Ténis, chinelos, meias e t-shirts — uma coleção de produtos básicos, sem vestígios de brilhantismo no que toca ao design e que, pelo intervalo de preços (dos 3,99 aos 14,99 euros), não se distingue propriamente por uma qualidade de excelência. O que poderá então explicar o fenómeno que, antes do lançamento em Portugal, já tinha provocado uma corrida frenética às lojas noutros países europeus?
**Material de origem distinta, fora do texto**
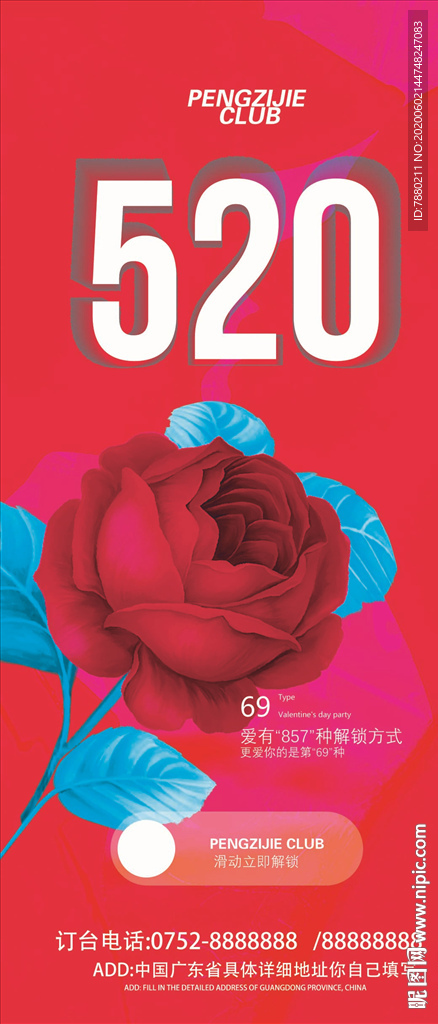 520派对海报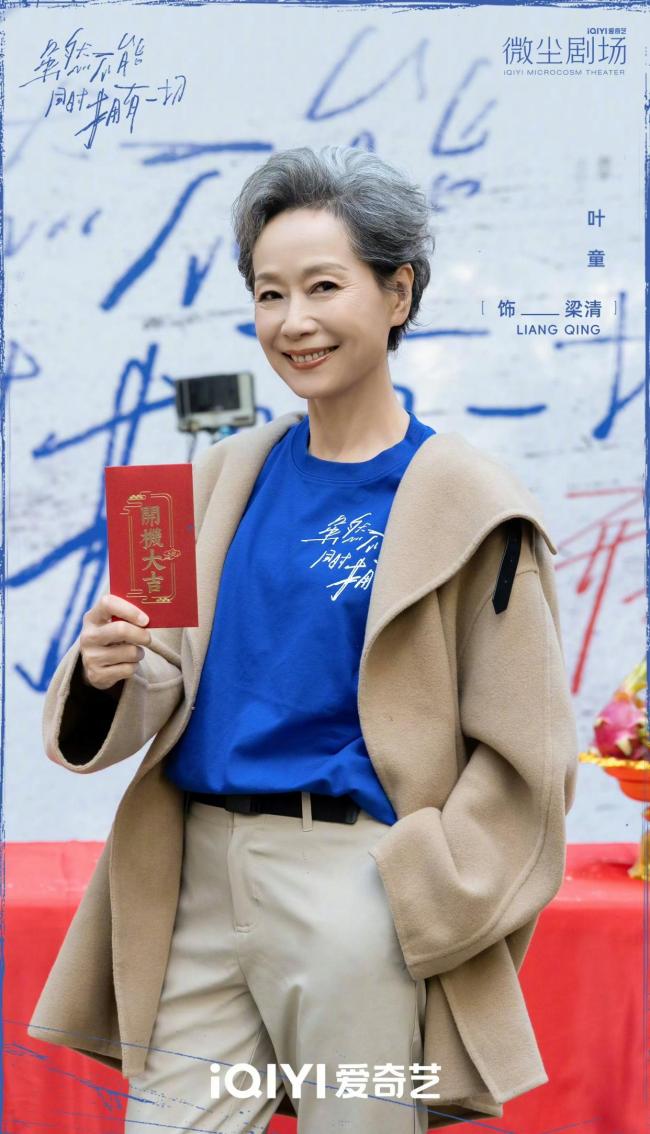 迪丽热巴演技 挑战双面人生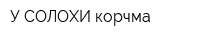 У СОЛОХИ корчма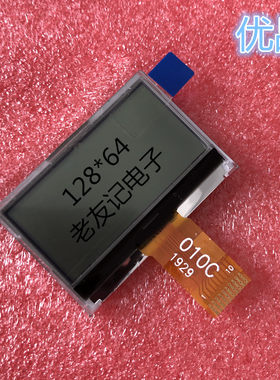 1286410PIN焊接表带式对讲机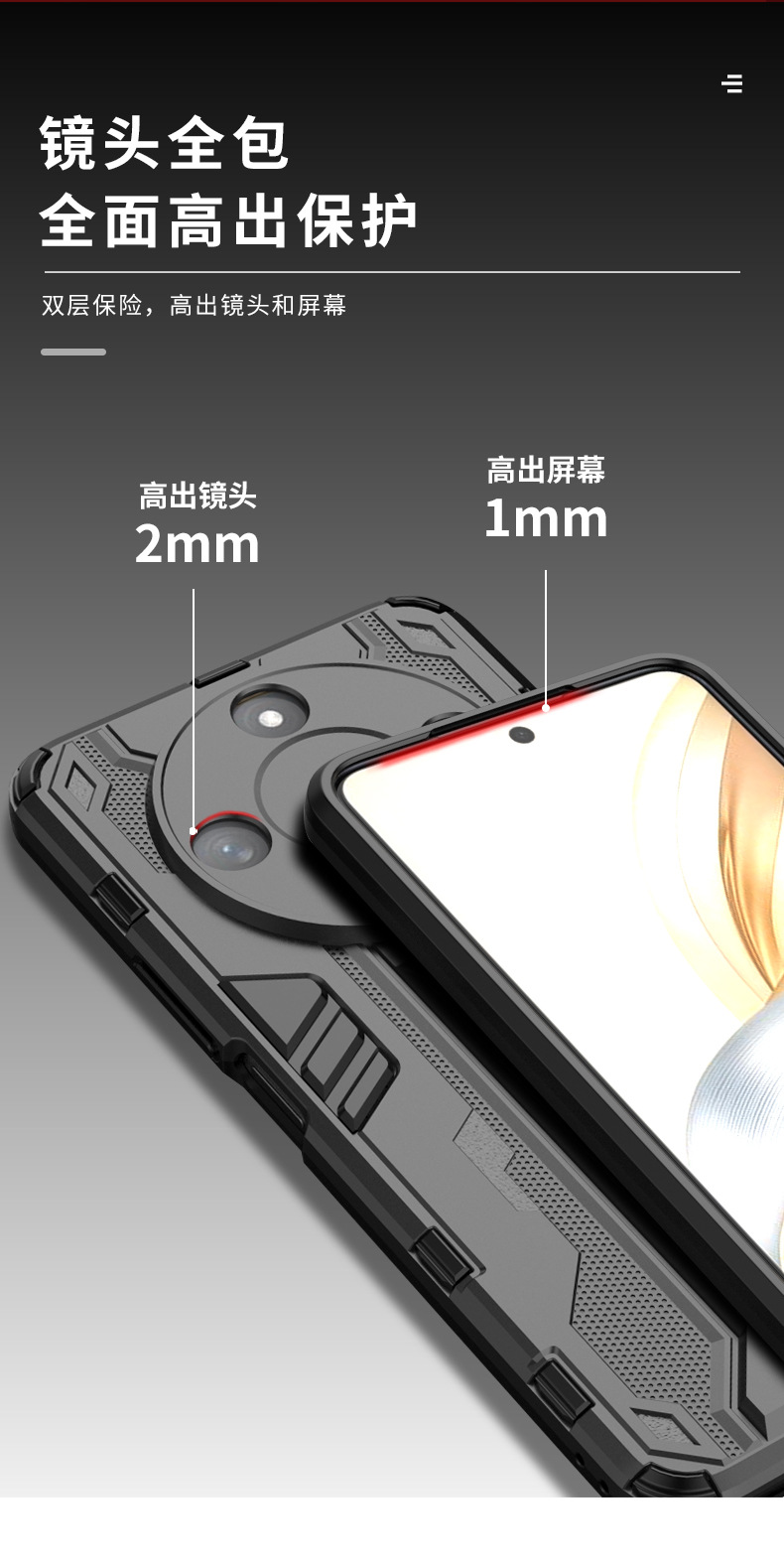 Honor serisi cep telefonu kılıfları, manyetik görünmez braket, Huawei MATE70pro cep telefonu kılıfları için uygun, fabrika doğrudan satış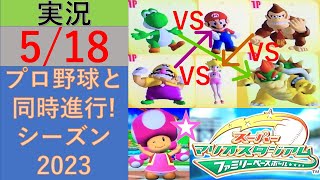 プロ野球と同時進行!スーパーマリオスタジアムファミリーベースボール実況　シーズン2023 5/18 公式戦41日目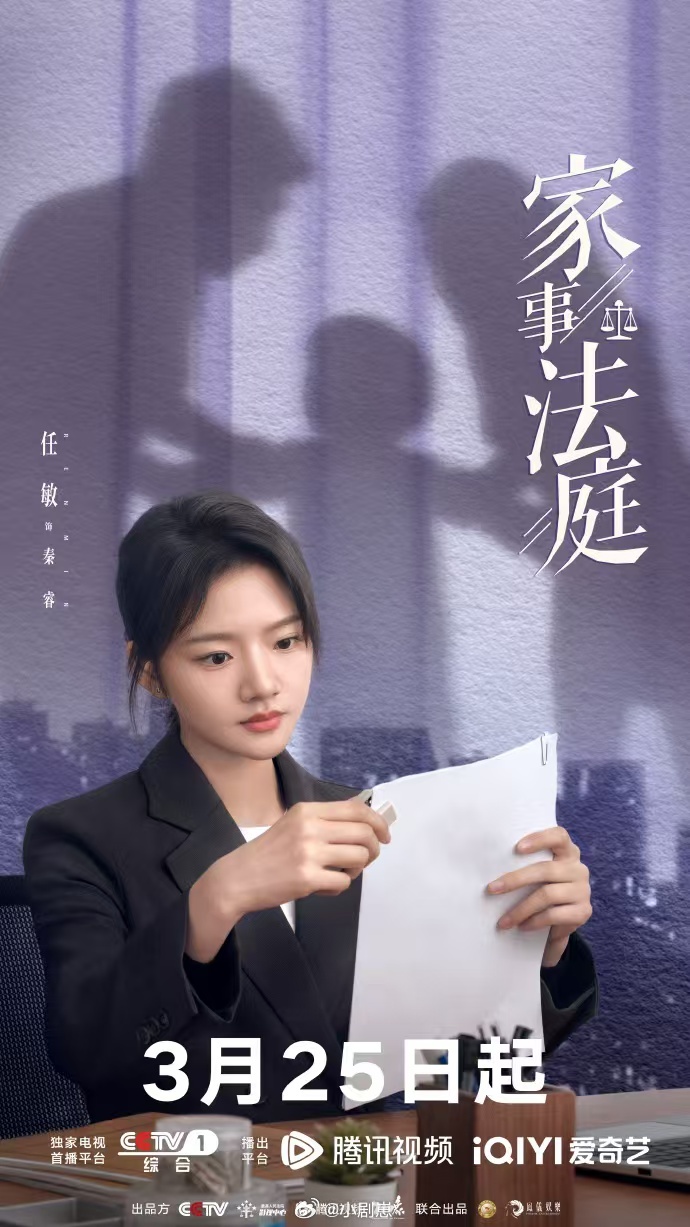 家事法庭首播四集首播四集太过瘾了，家长里短拍得真实动人，沈法官温柔靠谱，只想赶紧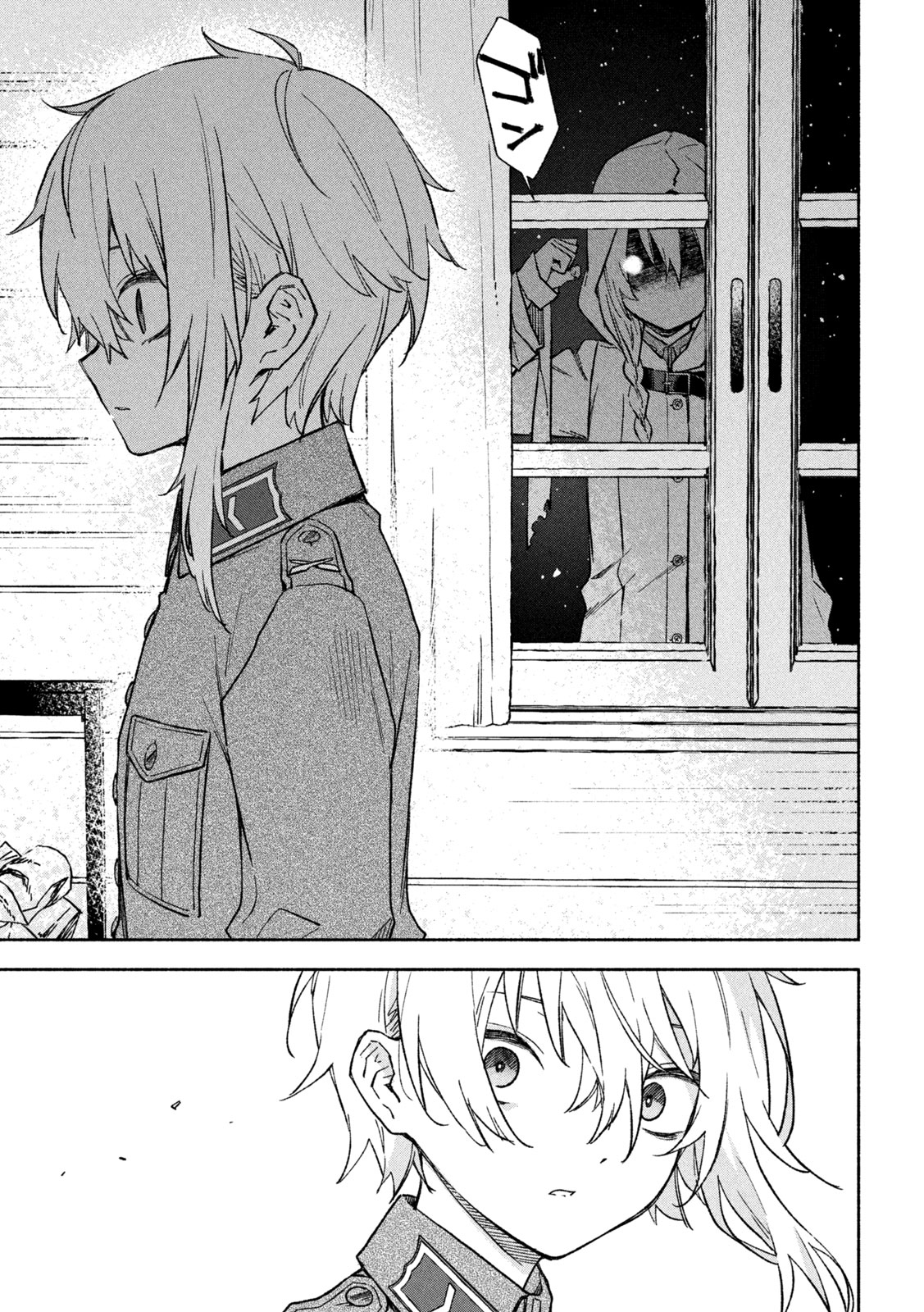Hai to Gin no Hane 守护者、引导者 第34页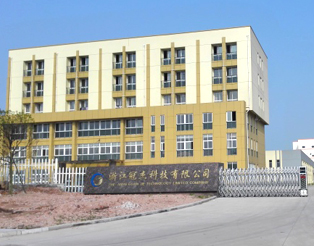 浙江冠杰科技有限公司 浙江冠杰科技有限公司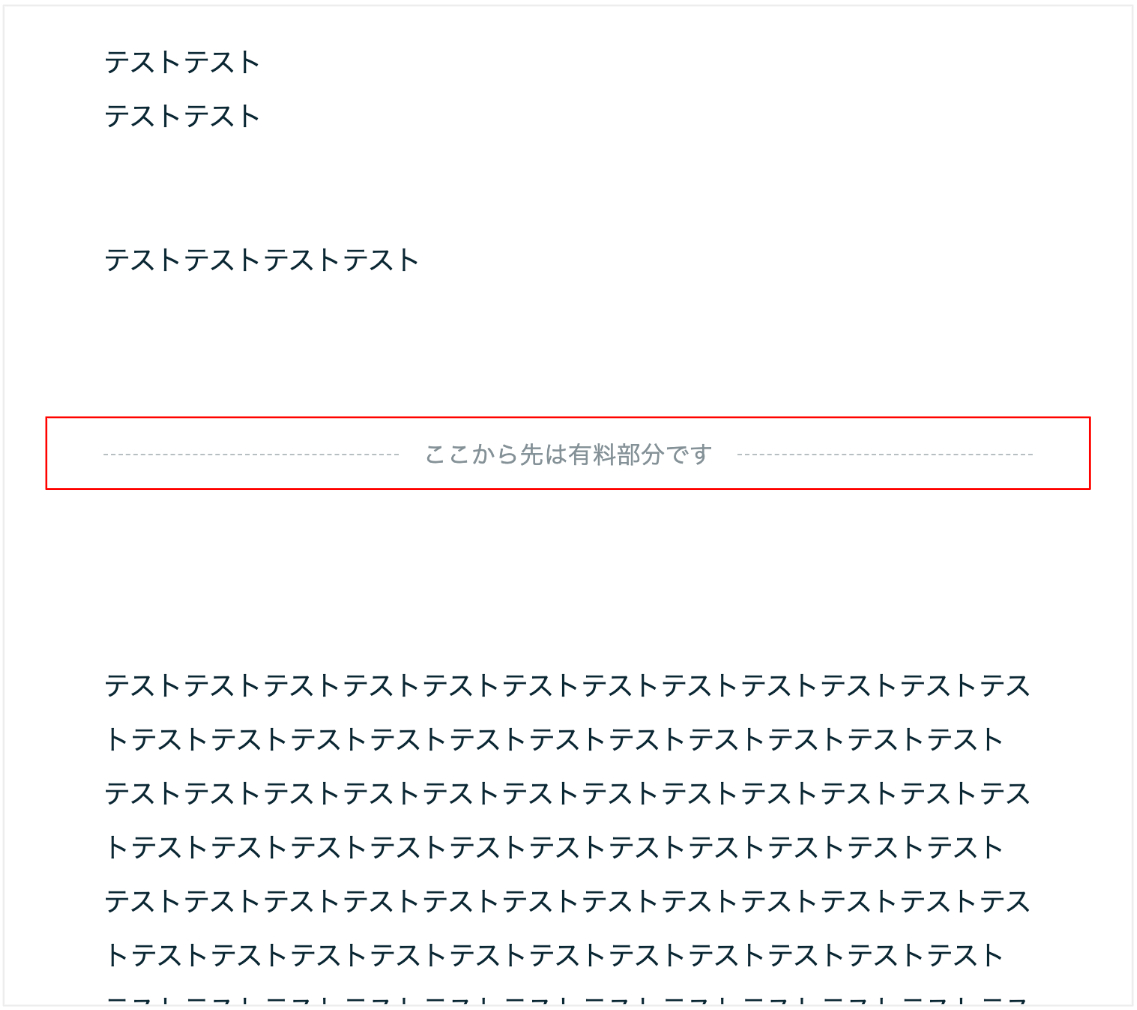 スクリーンショット 2025-08-15 15.22.55.png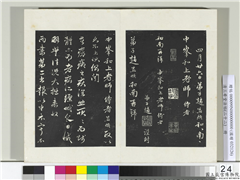 三希堂法帖（二十二）　册　元赵孟頫致中峰和尚尺牍,书法,法帖,墨拓,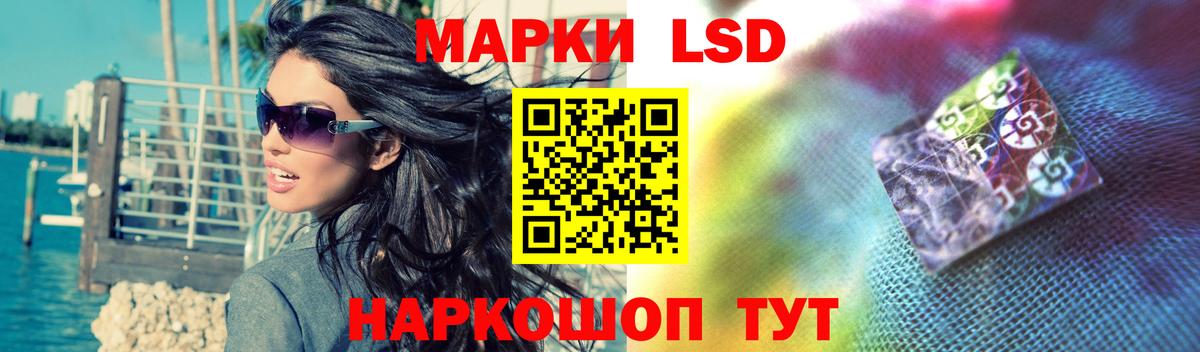 Дубна  ЛСД экстази кислота  ЛСД экстази ecstasy  Вход с VPN 
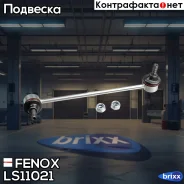 ���� ������������� ��������� ������! BMW E39 95 Fenox ���. LS11021 LS11021 ����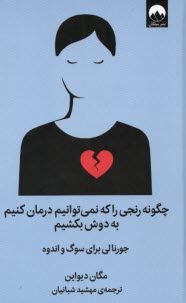 پایانه - چگونه رنجی را که نمی توانیم درمان کنیم به دوش بکشیم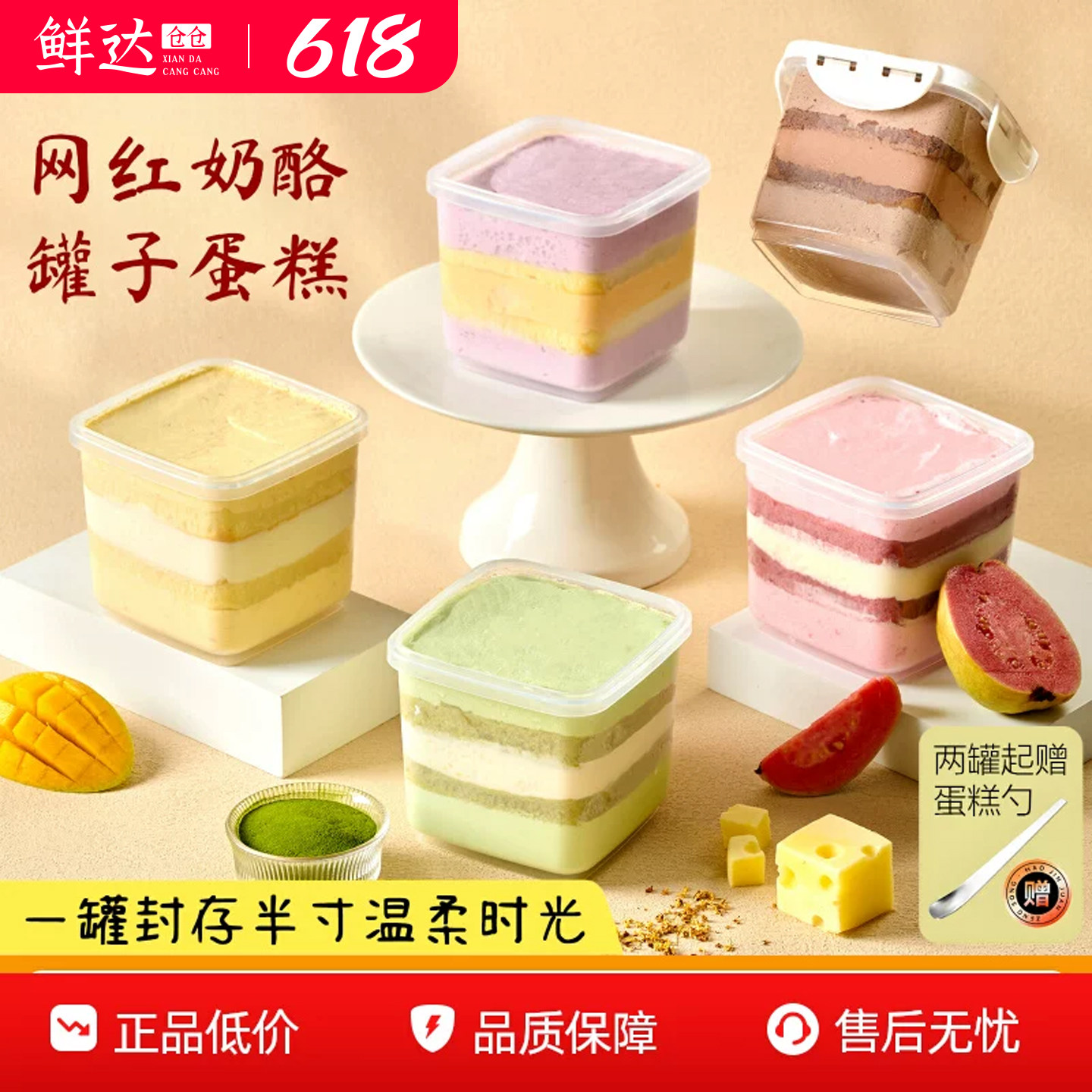 鲜达仓仓盒子蛋糕动物奶油罐子蛋糕奶酪网红罐罐小蛋糕甜品零食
Na origem parece estar um velho conceito: a especulação. Desde o início que as peças são apresentadas como uma edição limitada, um lançamento especial que já havia esgotado noutros mercados. Isso rapidamente desviou o foco das prateleiras do supermercado alemão, entretanto vazias, para os principais marketplaces. No eBay, um par de ténis chegou a estar à venda por 2.000 euros. O aparato estava criado e a atenção dos consumidores garantida. Dada a excentricidade o fenómeno, quem resiste a passar pelo Lidl?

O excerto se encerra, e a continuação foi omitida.